ATLANTA -- The Truist Park organist played The Who’s “Who Are You?” as Bryce Harper strolled to home plate in the fifth inning Thursday night.
Braves fans booed as Harper readied himself in the batter’s box. Seconds later, he smashed a first-pitch slider deep to right field for a game-tying solo home run. A couple of innings later, he bunted up the third-base line for a two-out single, later scoring the tying run on Kyle Schwarber’s double to right field.
If this were last fall, the Phillies might have found a way to win this one. Instead, they lost, 8-5.
“We’ll never think as a team, 'We can’t beat these guys,' or anything like that,” Harper said. “We’ve got to go out there and play our game, and understand the Braves are a really good team. We’re a really good team as well.”
But the Phillies, who beat the Braves in four games last fall in the NLDS, are 23-27. They are 8-14 since they won two in a row in Houston on April 28-29 to improve to 15-13.
The Phils’ play the past few weeks has placed increased significance on this four-game series. Perhaps it is why Aaron Nola sounded as frustrated as he has been following any start in recent memory. He allowed eight hits, five runs, two walks and three home runs in six innings. It was the first time he had allowed three homers in a game since July 18, 2019.
“I’ve just got to execute,” Nola said. “I didn’t execute well tonight.

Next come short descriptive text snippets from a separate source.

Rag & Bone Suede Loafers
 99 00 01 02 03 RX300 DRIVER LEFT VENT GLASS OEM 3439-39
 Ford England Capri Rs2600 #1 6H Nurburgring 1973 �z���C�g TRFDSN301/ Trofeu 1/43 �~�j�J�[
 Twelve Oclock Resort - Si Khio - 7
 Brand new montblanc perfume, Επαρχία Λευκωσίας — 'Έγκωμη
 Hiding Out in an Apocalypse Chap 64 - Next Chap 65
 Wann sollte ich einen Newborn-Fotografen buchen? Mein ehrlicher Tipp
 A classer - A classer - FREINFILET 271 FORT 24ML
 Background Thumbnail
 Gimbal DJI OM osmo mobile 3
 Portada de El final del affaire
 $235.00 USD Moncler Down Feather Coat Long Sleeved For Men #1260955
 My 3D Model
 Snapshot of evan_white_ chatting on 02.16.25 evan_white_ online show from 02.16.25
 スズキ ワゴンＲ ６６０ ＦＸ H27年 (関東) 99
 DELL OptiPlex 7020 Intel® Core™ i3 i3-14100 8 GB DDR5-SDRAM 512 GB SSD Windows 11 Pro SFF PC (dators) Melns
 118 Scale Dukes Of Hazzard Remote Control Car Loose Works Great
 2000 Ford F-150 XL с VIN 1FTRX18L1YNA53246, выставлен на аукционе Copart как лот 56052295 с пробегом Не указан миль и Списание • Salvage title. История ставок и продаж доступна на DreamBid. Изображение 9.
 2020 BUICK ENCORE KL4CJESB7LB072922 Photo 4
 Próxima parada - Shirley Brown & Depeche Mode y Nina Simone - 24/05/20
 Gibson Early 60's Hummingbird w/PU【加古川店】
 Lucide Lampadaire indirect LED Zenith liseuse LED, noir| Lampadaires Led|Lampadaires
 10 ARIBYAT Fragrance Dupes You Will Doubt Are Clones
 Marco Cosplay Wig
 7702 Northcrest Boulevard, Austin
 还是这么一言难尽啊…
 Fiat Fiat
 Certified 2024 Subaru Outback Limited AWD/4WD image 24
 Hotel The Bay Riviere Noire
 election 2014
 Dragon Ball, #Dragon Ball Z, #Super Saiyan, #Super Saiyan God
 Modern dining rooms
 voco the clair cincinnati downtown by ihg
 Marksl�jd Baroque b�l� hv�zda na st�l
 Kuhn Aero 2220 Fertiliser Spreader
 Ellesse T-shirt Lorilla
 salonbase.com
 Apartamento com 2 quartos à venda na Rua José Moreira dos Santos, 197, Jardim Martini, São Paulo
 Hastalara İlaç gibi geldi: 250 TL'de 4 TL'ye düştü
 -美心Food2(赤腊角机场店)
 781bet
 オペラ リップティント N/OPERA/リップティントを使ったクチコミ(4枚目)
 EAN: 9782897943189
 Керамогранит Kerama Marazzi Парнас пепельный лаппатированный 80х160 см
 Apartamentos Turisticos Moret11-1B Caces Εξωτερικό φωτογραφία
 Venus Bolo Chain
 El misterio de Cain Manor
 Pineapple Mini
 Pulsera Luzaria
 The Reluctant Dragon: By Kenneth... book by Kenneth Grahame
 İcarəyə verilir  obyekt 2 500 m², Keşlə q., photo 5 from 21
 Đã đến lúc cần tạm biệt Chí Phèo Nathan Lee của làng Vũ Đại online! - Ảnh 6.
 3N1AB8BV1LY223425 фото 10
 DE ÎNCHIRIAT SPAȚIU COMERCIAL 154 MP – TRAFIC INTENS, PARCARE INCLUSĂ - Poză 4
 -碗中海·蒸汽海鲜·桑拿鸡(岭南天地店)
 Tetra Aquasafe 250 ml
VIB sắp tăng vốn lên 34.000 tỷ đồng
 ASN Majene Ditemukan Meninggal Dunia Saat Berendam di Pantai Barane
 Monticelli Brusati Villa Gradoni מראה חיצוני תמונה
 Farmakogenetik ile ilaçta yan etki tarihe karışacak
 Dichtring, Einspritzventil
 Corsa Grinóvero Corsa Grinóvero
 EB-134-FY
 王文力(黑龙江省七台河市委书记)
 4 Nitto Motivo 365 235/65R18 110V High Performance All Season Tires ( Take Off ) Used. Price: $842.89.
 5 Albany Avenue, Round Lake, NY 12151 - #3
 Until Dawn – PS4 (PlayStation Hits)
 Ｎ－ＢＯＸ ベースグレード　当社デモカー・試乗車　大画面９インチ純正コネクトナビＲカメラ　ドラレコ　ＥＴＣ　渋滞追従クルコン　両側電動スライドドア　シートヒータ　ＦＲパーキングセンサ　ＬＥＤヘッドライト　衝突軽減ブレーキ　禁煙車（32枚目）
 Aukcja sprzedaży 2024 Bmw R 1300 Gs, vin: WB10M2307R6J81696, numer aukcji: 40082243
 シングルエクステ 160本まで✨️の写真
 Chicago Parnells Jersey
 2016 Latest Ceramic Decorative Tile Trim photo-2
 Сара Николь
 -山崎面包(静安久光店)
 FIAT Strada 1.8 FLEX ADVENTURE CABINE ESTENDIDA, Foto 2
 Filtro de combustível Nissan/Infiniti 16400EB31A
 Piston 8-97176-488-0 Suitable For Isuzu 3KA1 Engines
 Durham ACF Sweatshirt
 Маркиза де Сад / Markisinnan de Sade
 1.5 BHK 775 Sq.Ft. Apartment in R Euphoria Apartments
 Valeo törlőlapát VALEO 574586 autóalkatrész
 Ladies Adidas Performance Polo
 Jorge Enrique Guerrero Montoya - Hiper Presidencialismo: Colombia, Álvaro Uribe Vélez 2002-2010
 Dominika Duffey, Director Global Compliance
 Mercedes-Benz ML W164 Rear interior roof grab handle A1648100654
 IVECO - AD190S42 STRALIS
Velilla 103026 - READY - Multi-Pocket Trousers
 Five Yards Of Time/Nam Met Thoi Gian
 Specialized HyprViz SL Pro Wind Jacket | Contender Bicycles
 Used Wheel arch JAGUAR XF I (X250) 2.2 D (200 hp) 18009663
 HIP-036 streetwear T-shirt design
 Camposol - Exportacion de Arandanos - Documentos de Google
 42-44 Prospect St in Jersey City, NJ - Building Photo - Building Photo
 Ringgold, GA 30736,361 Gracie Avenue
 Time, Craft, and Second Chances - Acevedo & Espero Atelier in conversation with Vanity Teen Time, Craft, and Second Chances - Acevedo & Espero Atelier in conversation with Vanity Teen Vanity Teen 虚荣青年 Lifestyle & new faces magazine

They didn’t miss any balls over the plate. They hit some bad pitches, a couple good ones. I mean, they pretty much shelled me tonight. … It’s just not a great night.”
Nola allowed a two-run home run in the first inning to Austin Riley, who crushed a 1-1 cutter to deep left-center field. He allowed a solo shot to Marcell Ozuna in the second. Nola allowed a solo homer in the fifth to Riley, who crushed a first-pitch curveball to deep left-center field again.
Maybe Riley was sitting curveball there?
“I think if he was sitting on any pitch, he would have that ball out anyway,” Nola said.
Maybe Riley just has Nola’s number. He has homered five times against him in his career.
“I think it’s just one of those things,” Riley said.
Maybe it is familiarity. It was the 31st time Nola had faced the Braves in his career.
“It’s always a grind against these guys,” Nola said. “I’ve faced these guys like 50 times, you know? It’s frustrating.”
Nola is 4-3 with a 4.59 ERA. It is his highest ERA to begin a season through 11 starts in his career.
Even with Nola scuffling, Harper’s run tied the game in the seventh. But then Gregory Soto allowed three runs on four hits and a walk in the eighth.
Soto has allowed a hit in only six of 25 appearances this season. But in those six games, he has an eye-popping 29.08 ERA, allowing 17 hits, 15 runs (14 earned) and six walks while striking out seven in just 4 1/3 innings. In Soto’s other 19 appearances, he has allowed no hits, one unearned run and six walks with 20 strikeouts in 17 2/3 innings.
“It’s been frustrating,” Soto said through the team’s interpreter. “It’s been a little difficult because I either have really good outings or really bad outings. Those are things I have to fix on the fly.”
The Phillies have a lot of things to fix right now.